Offering traditional aluminum as well as advanced carbon composite frames and wheelsets, Pyga has made the transition to leading-edge materials to enhance speed, performance, handling, durability and rider confidence. All Pyga bicycles are designed in-house, with manufacturing and testing done by the factory in Taiwan. Initial prototype manufacture and testing is conducted in South Africa, with the local trails as ideal testing grounds.
Transitioning from traditional aluminum frames (using tubes and computer numerical control machined parts) to carbon composite frames has given Pyga more freedom in design. With the new materials, intricate designs that are structurally sound as well as aesthetically pleasing were possible. The new freedom required sophisticated design software.
The CAD software previously used at Pyga presented several challenges. Making design changes to imported CAD models was difficult and time-consuming. Because Pyga manufactures bikes in a variety of frame sizes, designers need to quickly scale a design from one frame size to four, which often required starting from scratch for each frame. Assembly design was cumbersome, because the CAD package did not automatically update part interfaces when design changes were made.
To overcome these inefficiencies and take advantage of new design possibilities, Pyga selected Solid Edge® software for computer-aided design (CAD), from product lifecycle management (PLM) specialist Siemens Digital Industries Software.
“Solid Edge is a very intuitive and easy-to-use product compared to most other CAD software,” says Heiko Redecker, CAD designer at Pyga. “This makes it very quick to get used to its functionality and learn new features. It includes simple yet powerful surface design capabilities that are ideal for designing aesthetically pleasing consumer products.”
The parametric design tools of Solid Edge are particularly useful for fast scaling of frame sizes, instead of creating new size models from scratch each time. Direct modeling powered by synchronous technology enables Pyga to quickly make changes to CAD models from any source, and the fast changes also help reduce prototyping time. With Solid Edge, designers can use assembly design sketches to define overall shapes and link part interfaces, enabling fast and easy design changes in a top-down approach.
A full-suspension bicycle design begins with the definition of the suspension kinematics, which determine the connection points between the different linkages of the suspension. Once these are determined, the 3D CAD design process begins. Using a top-down approach with Solid Edge, assembly sketches define the overall shape of the bicycle. Then the individual parts are modeled within the assembly and linked using interpart copies and constraints.

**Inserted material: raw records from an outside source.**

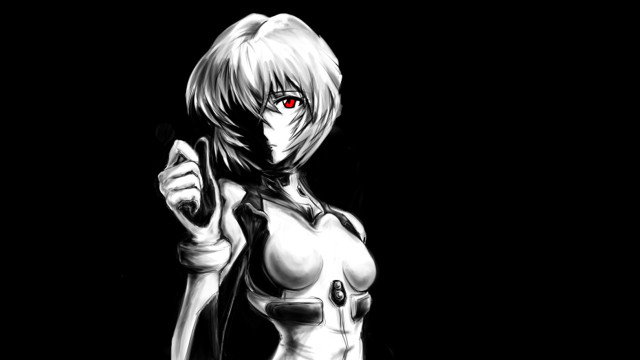 Woman red eyes gun knife free wallpaper - medium preview image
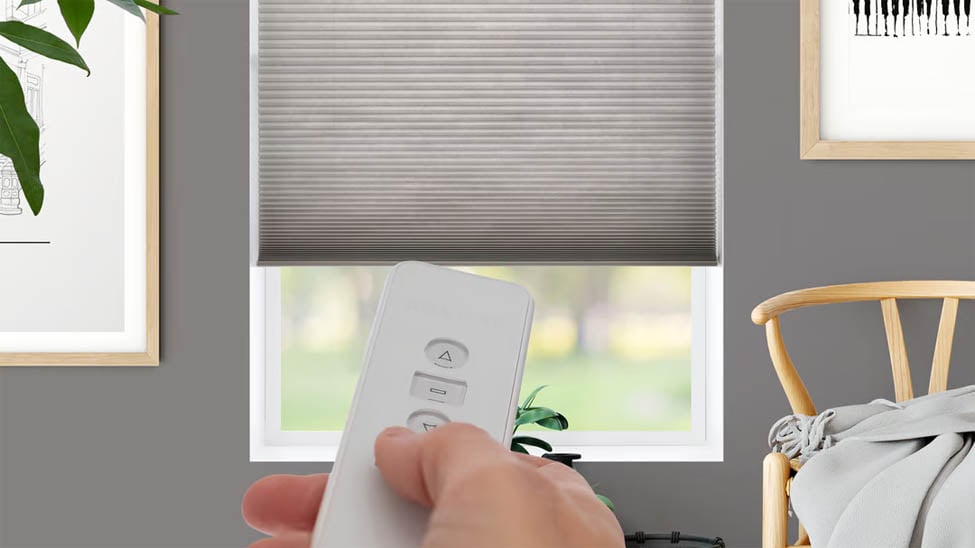 Motorized cellular shade with remote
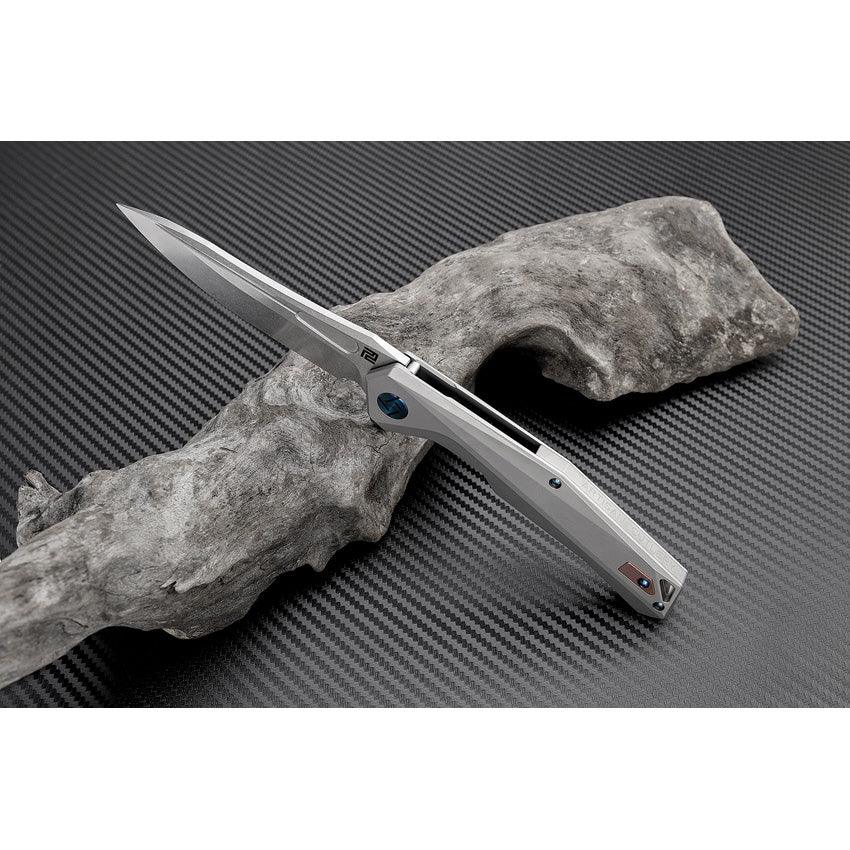Artisan Cutlery Zumwalt Framelock Gray Anodized Titanium Satin Bohler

Pyga relies on Siemens Digital Industries Software solution partner ESTEQ. “We have had great technical support from ESTEQ regarding the purchase as well as installation and licensing of Solid Edge,” says Redecker. “ESTEQ has also provided assistance with detailed durability testing, measurement and simulation services to validate our mountain bike designs.”
The advanced capabilities of Solid Edge have enabled Pyga to explore new design possibilities and improve the performance, aesthetics and quality of its bicycles. “The implementation of Solid Edge 3D CAD software with complex surfacing capabilities allowed us to create intricate designs of our high-end carbon composite bikes and redesign the existing aluminum models,” says Morewood.
“In the past it has taken us three to four months to create a new frame design,” Morewood explains. “This time frame has been reduced to two-and-a-half to three months using Solid Edge. Late-stage design changes now take, on average, one to three hours compared to a whole day in the past. These productivity gains help us reduce time-to-market, which is crucial in the fast-changing mountain bike industry.”